Produce a word-for-word copy of the data that follows, excluding images.

(Supplied information Opens)

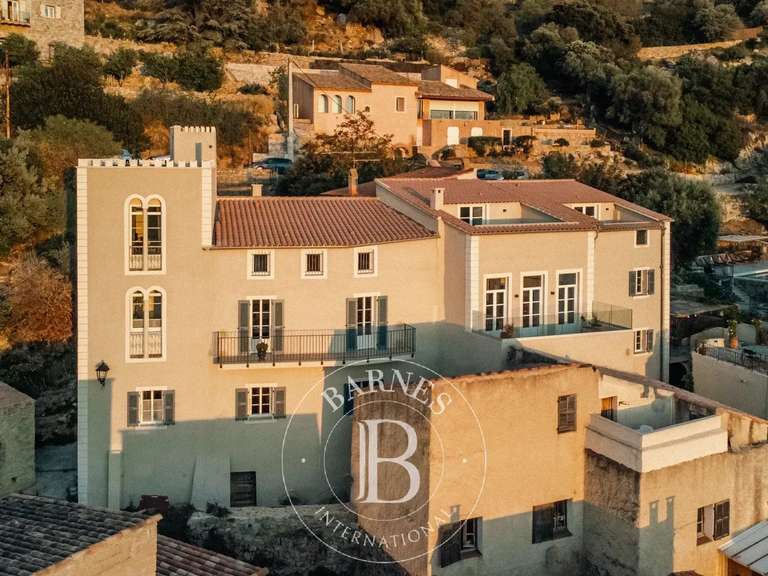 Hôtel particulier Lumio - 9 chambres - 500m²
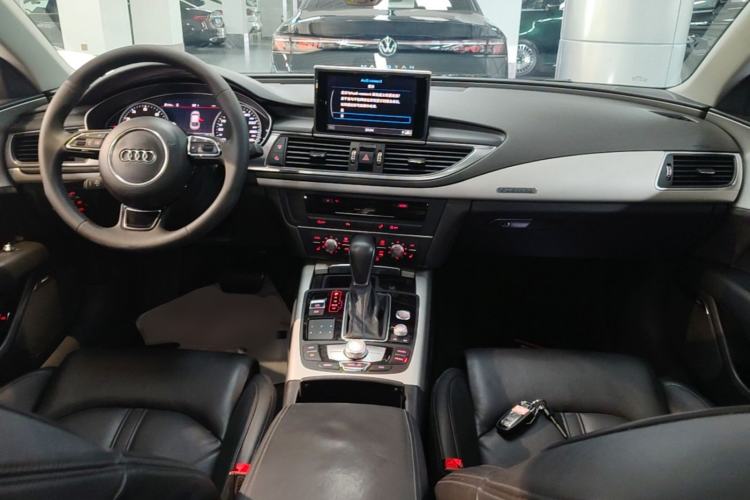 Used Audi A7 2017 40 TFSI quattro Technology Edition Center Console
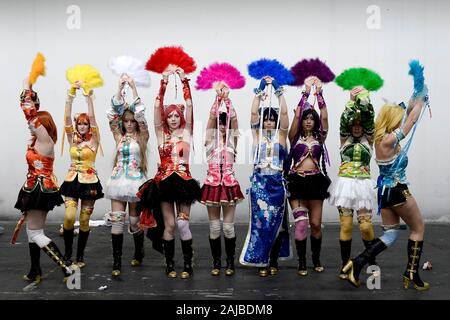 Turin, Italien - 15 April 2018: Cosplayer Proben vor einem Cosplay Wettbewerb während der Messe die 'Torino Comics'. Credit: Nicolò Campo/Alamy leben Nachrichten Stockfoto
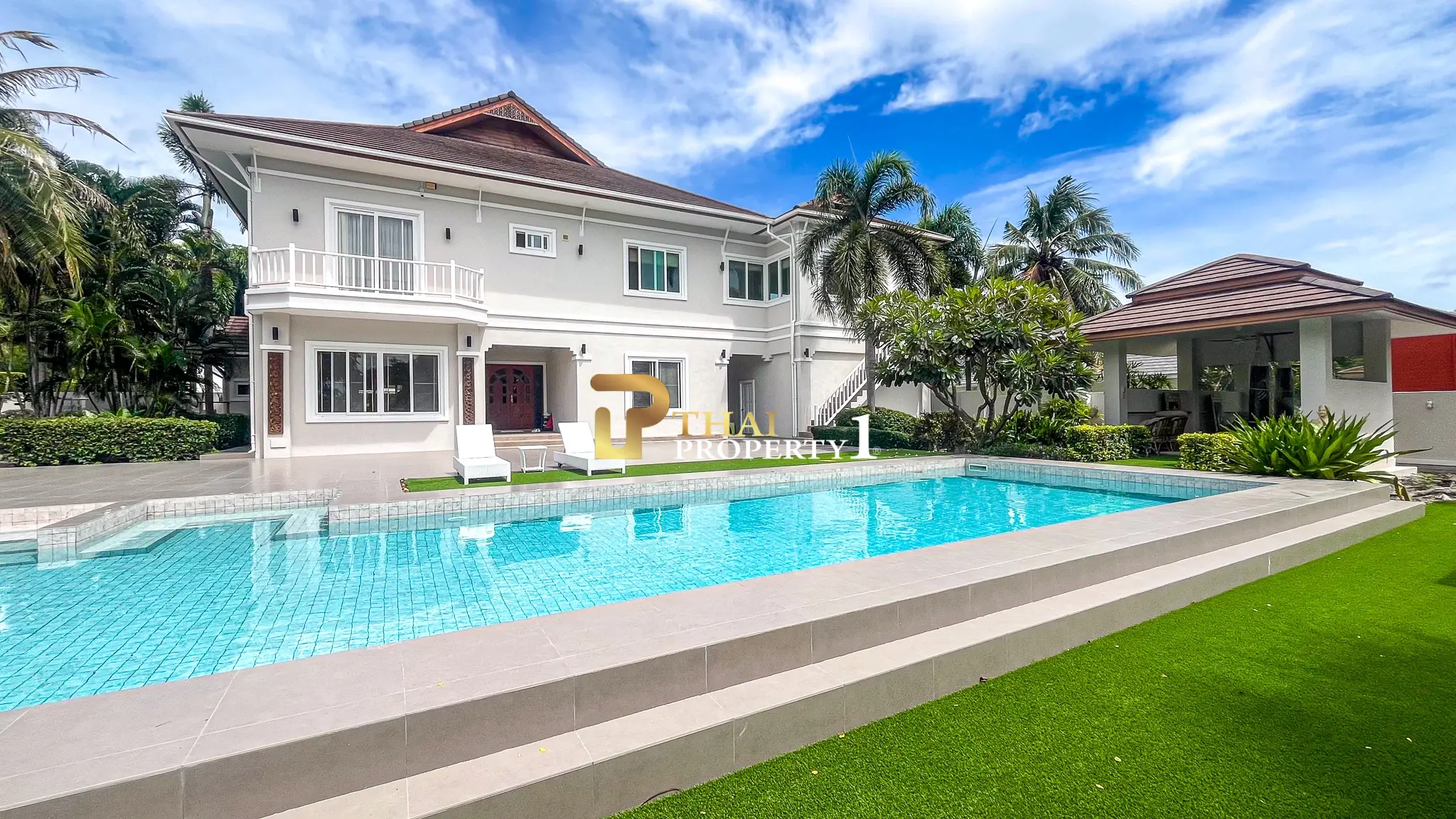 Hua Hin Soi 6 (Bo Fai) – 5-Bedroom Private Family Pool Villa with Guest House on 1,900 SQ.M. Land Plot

(Supplied information Closes)

Problem solution
 Hôtel particulier Lumio - 9 chambres - 500m²
 Used Audi A7 2017 40 TFSI quattro Technology Edition Center Console
 Turin, Italien - 15 April 2018: Cosplayer Proben vor einem Cosplay Wettbewerb während der Messe die 'Torino Comics'. Credit: Nicolò Campo/Alamy leben Nachrichten Stockfoto
 Hua Hin Soi 6 (Bo Fai) – 5-Bedroom Private Family Pool Villa with Guest House on 1,900 SQ.M. Land Plot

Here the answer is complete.